Mas a África está mesmo condenada à ignorância do mundo? Então, como reabitar a África e suportar a sua civilização como qualquer outro povo é incorporado ao universo, naturalmente? Quem fica questionando, por exemplo, se os franceses são bleus ou não, se os ingleses são blues ou não? O Brasil é um país geograficamente grande que tem como unidade a língua portuguesa tropicalizada, mas as diferenças entre as regiões são imensas, diferenças em todos os sentidos: diferenças culturais, diferenças sociais, diferenças e não apenas contrastes. E o que o Brasil, afinal, tem feito para diminuir essas diferenças é muito pouco, ou quase nada. E talvez não consiga mesmo fazer nada, a não ser iludir o povo com promessas de arroz e feijão. Mas arroz e feijão, embora necessários, não são suficientes para a construção de uma sociedade.
Então, Delmar Maia Gonçalves, como ler o seu livro Mestiço de corpo inteiro depois de saber que o homem tem uma natureza ruim? Porém, mesmo sendo de uma natureza assim, o próprio homem quer sublimar essa natureza ruim para se transmutar em um sujeito mais digno de si. Enfim, agora é possível vislumbrar a dignidade de Delmar Maia Gonçalves em busca de uma comoção a favor de Moçambique e da África, a favor de um povo como qualquer outro povo, um povo que apenas quer ser; povo, simplesmente povo. E, como todo povo, um povo que se mostra em suas tradições e contradições, em sua cultura, enfim.

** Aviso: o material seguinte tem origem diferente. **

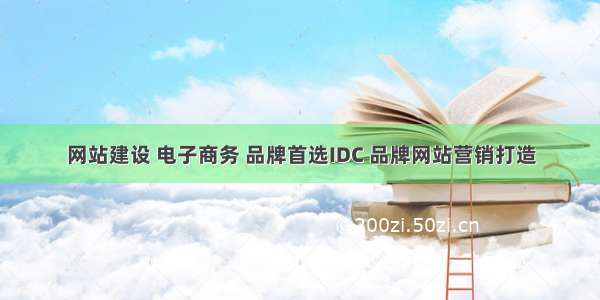 网站建设 电子商务 品牌首选IDC 品牌网站营销打造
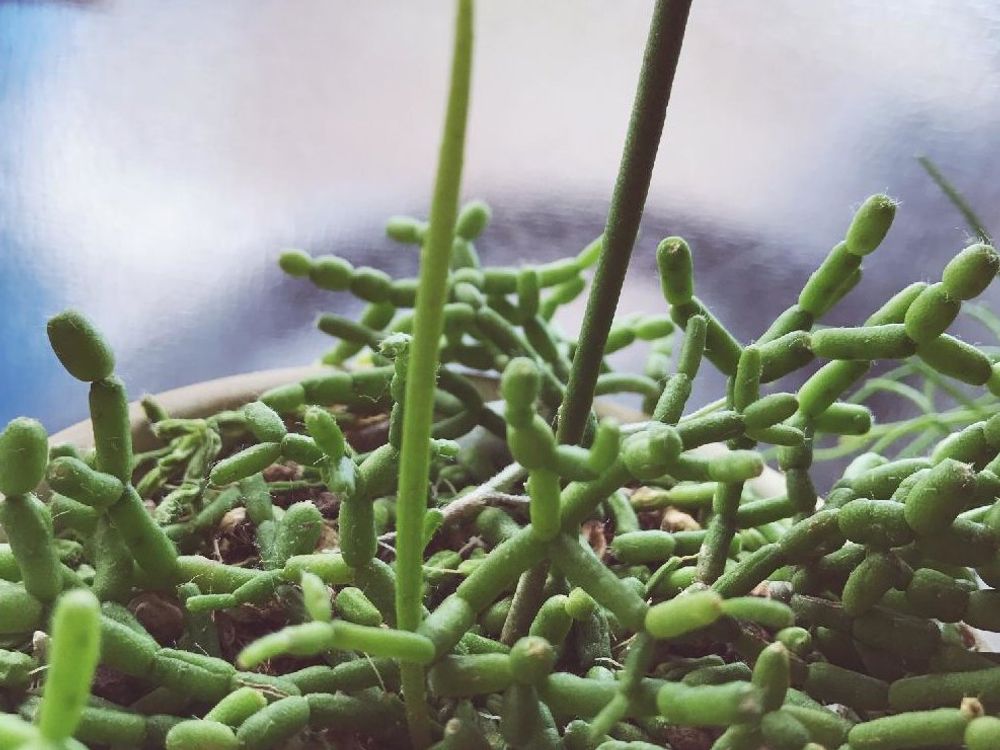 リプサリス　鉢植え　株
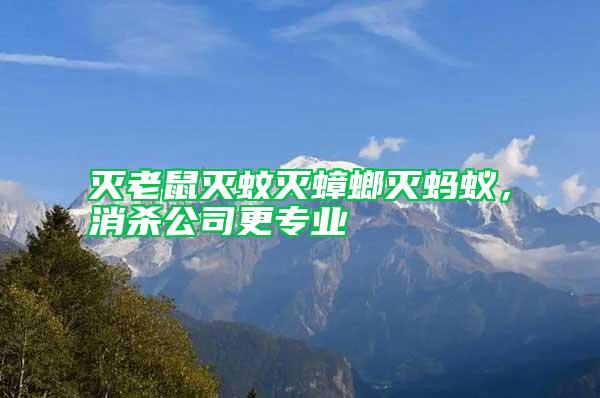 灭老鼠灭蚊灭蟑螂灭蚂蚁，消杀公司更专业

O livro Mestiço de corpo inteiro é uma cartografia em defesa de uma sociedade de direitos e deveres comuns, em defesa de uma antropologia dos sentidos, iluminada pela preservação da ancestralidade como ritual de passagem entre a memória e a existência, em defesa de uma poética ao mesmo tempo e espaço, uma poética em estado de política. Mas uma política que se faz linguagem através da poesia, uma poesia que defende sim a cultura africana como a medula do mundo contemporâneo. Um poeta assim, que defende o seu povo, deve ser lido como um revolucionário que não suporta mais a mentira e as máscaras, como tanto defendeu Darcy Ribeiro os nativos brasileiros e a utopia selvagem. Delmar Maia Gonçalves é essa utopia, uma utopia que não se rende ao jogo do poder, a utopia em estado de verbo, por um instante, espelho da realidade jamais espelhável.